Ontem estive a contar os beijos que dou à minha filha. Cerca de 50 por dia. Contas feitas são 18.250 beijos ao ano. E concluo que só uma relação maternal pode suportar tantos beijos. Qualquer outra, seja de natureza amorosa ou de amizade, não resistiria. É que ninguém gosta de ser lambuzado todos os dias. Só mães e filhos é que não se divorciam alegando excesso de beijos.

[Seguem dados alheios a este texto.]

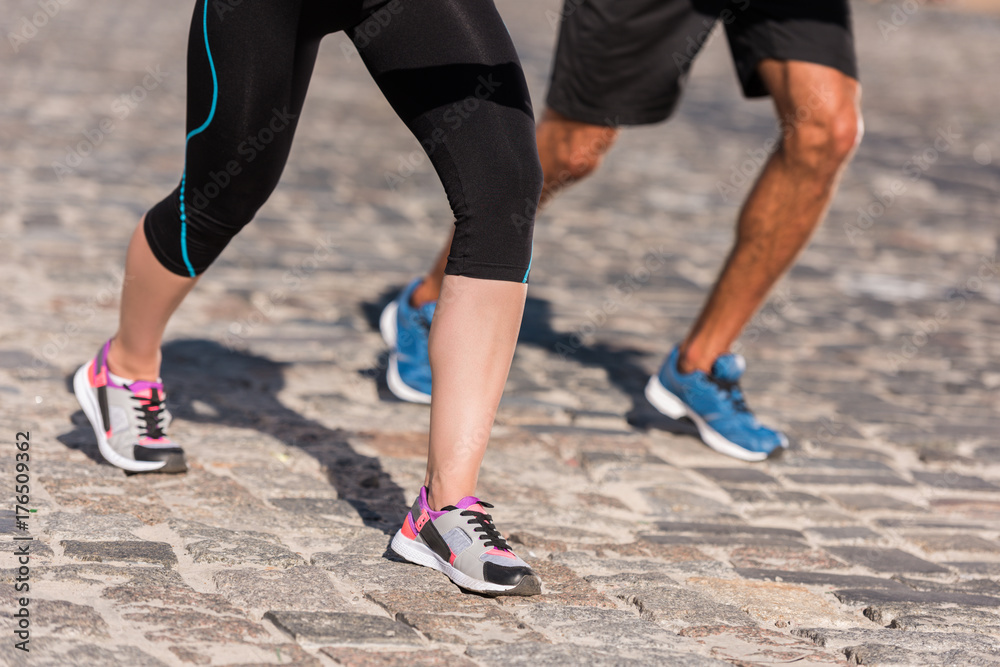 sports couple jogging in city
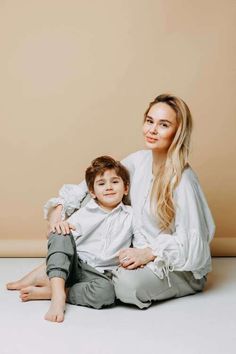 a mother and son sitting on the floor in front of a beige wall smiling at the camera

E se abusam, as senhoras! Uma mãe beija o seu bebé, criança ou filho adolescente todas as vezes que possa e nunca se fica por um só beijo. Dá-lhe um beijo apertado que resiste 30 segundos a descolar da bochecha ou dispara uma dúzia de beijos, seguidos uns aos outros. Mas um só beijo, nunca. Os filhos, ingratos, fogem. Porque me estás a esborrachar! Comichosos, não gostam de ser amados com tanta saliva. Só dobram quando estão carentes, amedrontados, doentes.

Beijo de mãe é terapêutico porque cura a dor. Sempre que dá ou recebe carinho, uma área do cérebro é activada e liberta descargas eléctricas que diminuem a dor na criança, e em todos nós, adultos mas sempre crianças aos olhos da nossa mamã. Chuac. E o dói-dói passou porque o beijo da mãe é milagroso. Talvez por isso sejam tão santificadas.

Beijar tem origem na relação mãe/filho. Nos tempos primitivos, as mães introduziam os alimentos sólidos, devidamente mastigados, na boca dos filhos. Tal como fazem os animais, sendo que nós, assumidamente racionais, descobrimos o garfo e a faca. É este beijo nutritivo o mais bonito da história, para mim. Porque o do Romeu não nutria intenções tão inocentes para com a Julieta.

A minha filha gosta de dar beijos. Se lhe pedimos um, não hesita em tirar a chucha e esticar os lábios. Não é favor algum. Dá beijos, assim, sem pedir doces em troca. Por agora, parece-me simpático, este comportamento. Porque deixando de lado os apaixonados, as pessoas beijam-se pouco. Porque deixando de lado os cumprimentos, seja de um ou dois beijinhos, as pessoas beijam-se pouco. Porque deixando de lado os beijos roubados à força, as pessoas beijam-se pouco. E restam poucos beijos, afinal das contas.

Os beijos sabem a amor. E não há amor com mais beijos do que o eterno amor de mãe. Só as mães têm o privilégio de viver um amor que dura a vida inteira e beijá-lo sempre que lhes apetece. Eis a maior compensação de quem escolhe ser mãe, pois claro! Bem-vinda a resposta mais plausível de por que é bom ser mãe.

Gosto do beijo de nariz, o esquimó. Mas não esfrego o nariz no meu vizinho se me cruzo com ele na escada. Ou do beija-mão que não dou ao senhor do café. E também não beijo a testa do meu chefe nem o pescoço da minha melhor amiga. Porque cada qual escolhe o seu beijo e a quem dar, é certo. Mas, desde que fui mãe, uma certeza acorda comigo: não deixar para amanhã os beijos que posso dar hoje. E enquanto a minha filha não me fugir entre os braços vou alimentá-la de beijos e vê-la crescer, assim, bem nutrida.